First Look: Using Three.js for 2D Data Visualization

Update: I have a new post on Using three.js for 2D data visualization. It contains all the stuff I learned while working on the project and is the place you should look for updated code. This post may still be interesting if you want to see my thoughts when I first started on the project.

We’ve started work on our next prototype. While the design is still evolving, we’re pretty sure one element of it will be a visualization of tens of thousands of data points, clustered through a dimensional reduction algorithm (most likely using T-SNE). For the past week I’ve been exploring how to render that many points in the browser and I wanted to document some early lessons in this post, specifically about using the three.js library.

I’m new to three.js so this isn’t a best practices post. Hopefully this provides a starting point for people interested in doing similar data visualization work. If you have ideas on how to do this stuff better, I’d love to hear them via Twitter (@grantcuster).

What I’m after

A screenshot of the final working demo: a plotted t-sne with working pan and zoom.

The final result: a T-SNE rendered in three.js with a map style pan and zoom.

I want to render a visualization with tens of thousands of points. I want to be able to zoom into that visualization by scrolling and pan by clicking and dragging (think Google Maps). I want the zoom to follow the position of the mouse and I want that zoom to feel smooth and responsive. I also want the browser to not crash when I do those things.

Challenges

The main challenge has been getting a good zoom feel. For me, zoom feels bad when:

  1. The framerate drops because the browser can’t handle rendering that many points.
  2. The zoom behavior is too fast, or jerky.

The solution to #1 is to use three.js. The solution to #2 (so far) is to use D3.js’s zoom behavior combined with three.js. More detail on both below.

Rendering strategies

There are three strategies I considered for visualizing a bunch of points on the web:

  1. D3.js rendering to SVG
  2. D3.js rendering to canvas (better performance)
  3. Three.js rendering to canvas with webGL (best performance when rendering lots of points)

Most D3 examples use SVG, but there are canvas examples for when you are animating lots of points and need the boosted performance. I didn’t find any three.js-specific examples so I made my own. I’d love to see an exhaustive investigation and benchmark for the performance of each (and alternative methods!), but I’m not going to do that here.

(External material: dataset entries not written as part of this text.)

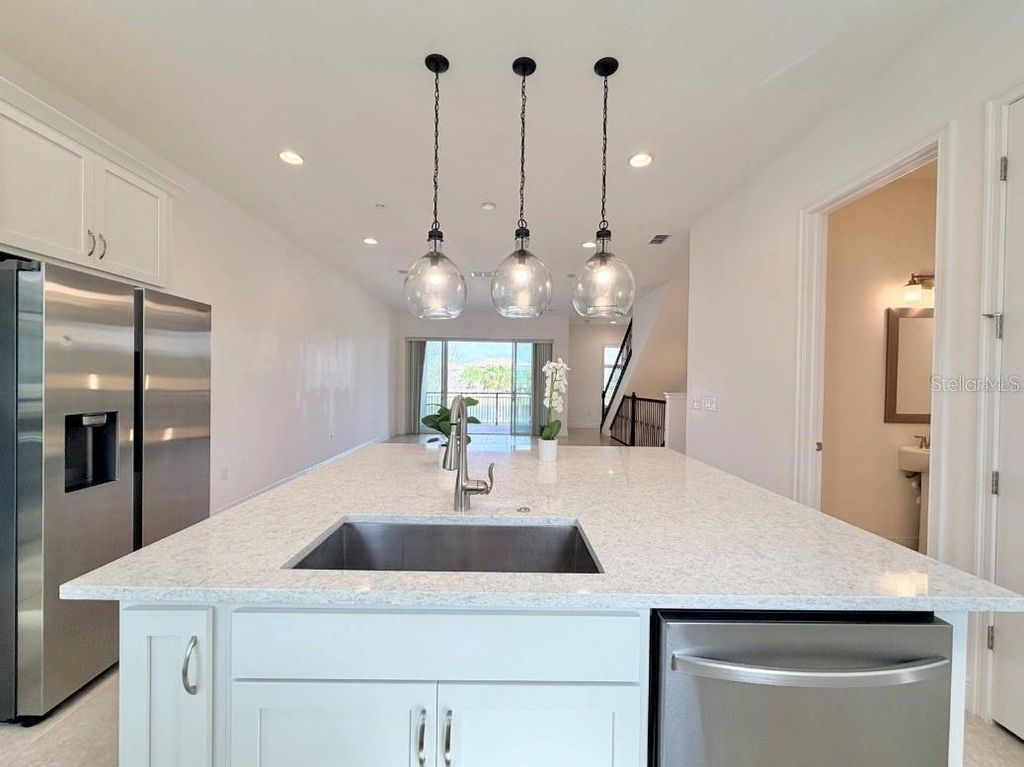 Image 23 of property listing at 9886 BUCKLOW HILL DRIVE, Orlando, FL 32832
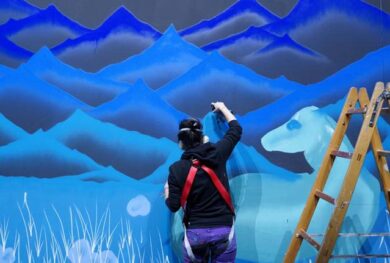Pirelli, il bilancio 2014 diventa street art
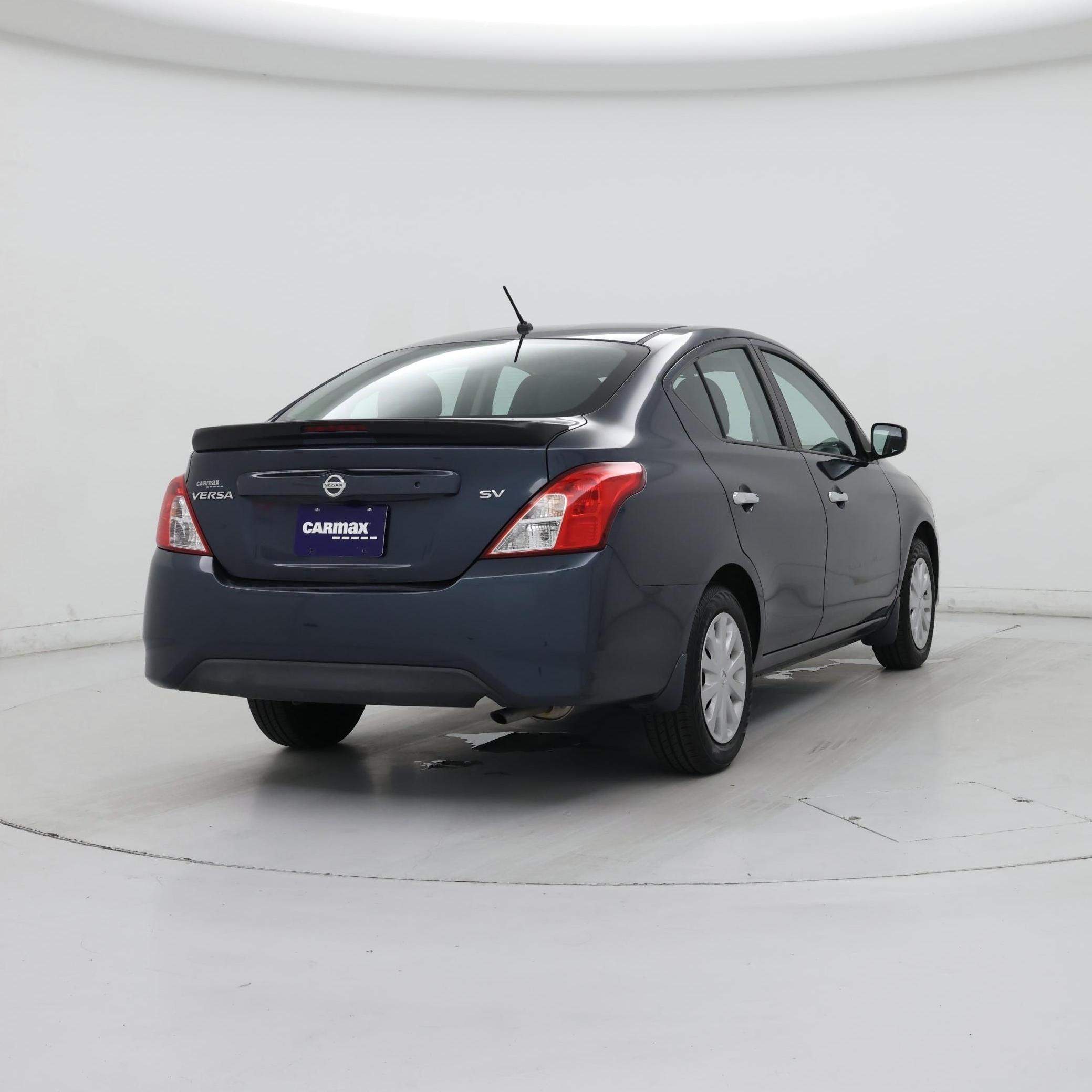 Thumbnail: 2017 Nissan Versa - 8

Prior art and past experience

I’d had my own experience with the limits of SVG rendering for lots of points. I’d also seen a bit of what WebGL could do while working on our Probabilistic Real Estate prototype, which uses Mapbox’s WebGL library. For knowledge of canvas and three.js strategies, I was lucky to have the examples of two great past projects from FFL interns.

Based on those experiences, I went into this project thinking I’d use three.js. It also just seemed like fun. Three.js comes more out of the game dev world than the web app one I’m used to. A lot of recent web app innovation has come from adopting techniques from the video game world, so I was excited about the opportunity to further explore that path.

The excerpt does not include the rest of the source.